If you do not yet have a TradingView account, you can get started on the Basic free plan and follow this guide. Get started with TradingView here.
Quick Answer
To use multiple charts in TradingView: click the layout icon in the top right of the chart interface (the grid symbol), select your preferred chart grid — 2, 4, 8, or up to 16 charts depending on your plan — then assign a different asset or timeframe to each panel. Each chart operates independently with its own indicators, timeframe, and symbol unless you enable sync options. The Basic free plan is limited to one chart — multiple charts require a paid plan starting from Essential (2 charts) through Ultimate (up to 16 charts). The most immediately useful setup is a 3-chart layout showing the daily, 4H, and 1H timeframes for the same asset simultaneously.
TradingView Multi-Chart Layouts: Plan Limits at a Glance
Before configuring a layout, check your plan limit — there is no point building a 4-chart setup if your plan only supports 2.

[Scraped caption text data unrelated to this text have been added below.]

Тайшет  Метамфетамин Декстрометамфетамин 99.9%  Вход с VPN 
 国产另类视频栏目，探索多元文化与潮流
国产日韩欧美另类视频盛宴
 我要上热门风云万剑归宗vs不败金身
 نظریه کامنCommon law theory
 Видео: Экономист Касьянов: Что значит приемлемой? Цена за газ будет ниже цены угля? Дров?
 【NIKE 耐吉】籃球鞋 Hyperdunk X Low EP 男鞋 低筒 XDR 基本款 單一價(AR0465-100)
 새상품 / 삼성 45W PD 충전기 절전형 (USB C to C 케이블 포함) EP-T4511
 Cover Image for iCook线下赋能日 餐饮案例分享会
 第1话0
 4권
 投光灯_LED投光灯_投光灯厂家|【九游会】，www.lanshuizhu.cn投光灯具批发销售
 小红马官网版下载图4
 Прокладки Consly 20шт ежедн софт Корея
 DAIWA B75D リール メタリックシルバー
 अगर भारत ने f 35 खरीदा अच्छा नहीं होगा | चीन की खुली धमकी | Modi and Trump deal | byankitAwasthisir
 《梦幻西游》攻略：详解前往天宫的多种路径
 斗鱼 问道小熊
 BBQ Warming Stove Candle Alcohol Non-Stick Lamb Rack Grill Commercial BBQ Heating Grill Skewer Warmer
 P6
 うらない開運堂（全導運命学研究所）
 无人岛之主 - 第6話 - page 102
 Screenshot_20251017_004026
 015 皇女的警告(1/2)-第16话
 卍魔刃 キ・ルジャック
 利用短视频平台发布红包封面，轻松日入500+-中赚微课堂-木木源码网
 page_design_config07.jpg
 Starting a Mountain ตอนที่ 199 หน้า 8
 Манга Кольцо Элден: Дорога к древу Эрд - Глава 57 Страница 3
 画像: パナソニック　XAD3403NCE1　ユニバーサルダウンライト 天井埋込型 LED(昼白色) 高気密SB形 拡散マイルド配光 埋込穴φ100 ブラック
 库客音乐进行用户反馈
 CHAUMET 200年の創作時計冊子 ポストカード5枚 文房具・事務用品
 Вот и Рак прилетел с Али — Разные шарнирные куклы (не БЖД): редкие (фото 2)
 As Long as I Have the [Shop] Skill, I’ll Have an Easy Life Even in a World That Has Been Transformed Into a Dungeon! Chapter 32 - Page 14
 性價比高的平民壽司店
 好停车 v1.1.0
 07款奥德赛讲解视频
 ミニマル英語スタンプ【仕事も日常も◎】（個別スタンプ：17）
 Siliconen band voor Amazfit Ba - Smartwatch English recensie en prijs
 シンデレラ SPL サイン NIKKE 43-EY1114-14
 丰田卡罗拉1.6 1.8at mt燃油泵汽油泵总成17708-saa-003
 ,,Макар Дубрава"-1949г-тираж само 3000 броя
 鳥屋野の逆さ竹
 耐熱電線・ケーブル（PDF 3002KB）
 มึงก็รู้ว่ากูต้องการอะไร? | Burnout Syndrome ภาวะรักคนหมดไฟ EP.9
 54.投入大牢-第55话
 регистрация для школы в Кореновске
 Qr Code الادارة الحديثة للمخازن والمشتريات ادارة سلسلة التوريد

| Plan | Charts Per Tab | Best For | Verdict |
|---|---|---|---|
| Basic (free) | 1 chart only | Learning the platform | No multi-chart access |
| Essential | 2 charts | Simple trend + execution setup | Entry level — workable |
| Plus | 4 charts | Full top-down multi-timeframe | Best value for active traders |
| Premium | 8 charts | Multi-asset correlation monitoring | For serious traders |
| Ultimate | 16 charts | Professional multi-asset monitoring | Institutional level |
For most crypto traders running a structured multi-timeframe workflow, the Plus plan with 4 charts is the practical sweet spot — daily, 4H, 1H, and one context chart covers everything needed. For a full breakdown of plan differences beyond chart limits, our TradingView free vs paid guide covers every feature difference in detail.
Why Single-Chart Analysis Costs You Entries
Single-chart analysis has one fundamental limitation: every time you switch timeframes, you lose the context of the previous view.
You might check the daily chart, form a directional bias, switch to the 4H to assess structure, then move to the 1H to time your entry — but by the time you get to the entry chart, the broader context has faded. That cognitive switching cost is not trivial. It produces hesitation, missed entries, and second-guessing that would not exist if all three views were visible simultaneously.
When your daily, 4H, and 1H charts are all visible at once, trend alignment — or misalignment — is instant. A breakout on the 1H that contradicts the daily trend is immediately obvious. A confluence of support levels across multiple timeframes is visible in a single glance rather than requiring three separate tab switches and a mental effort to hold all the information together.
For crypto traders specifically, simultaneous timeframe analysis solves the correlation monitoring problem too. Bitcoin’s price movement influences the entire crypto market — knowing whether your altcoin trade is occurring while BTC is at a key resistance level versus in a strong uptrend is meaningful information. A layout that keeps BTC visible alongside your primary trading asset provides that context automatically, without any additional tab management.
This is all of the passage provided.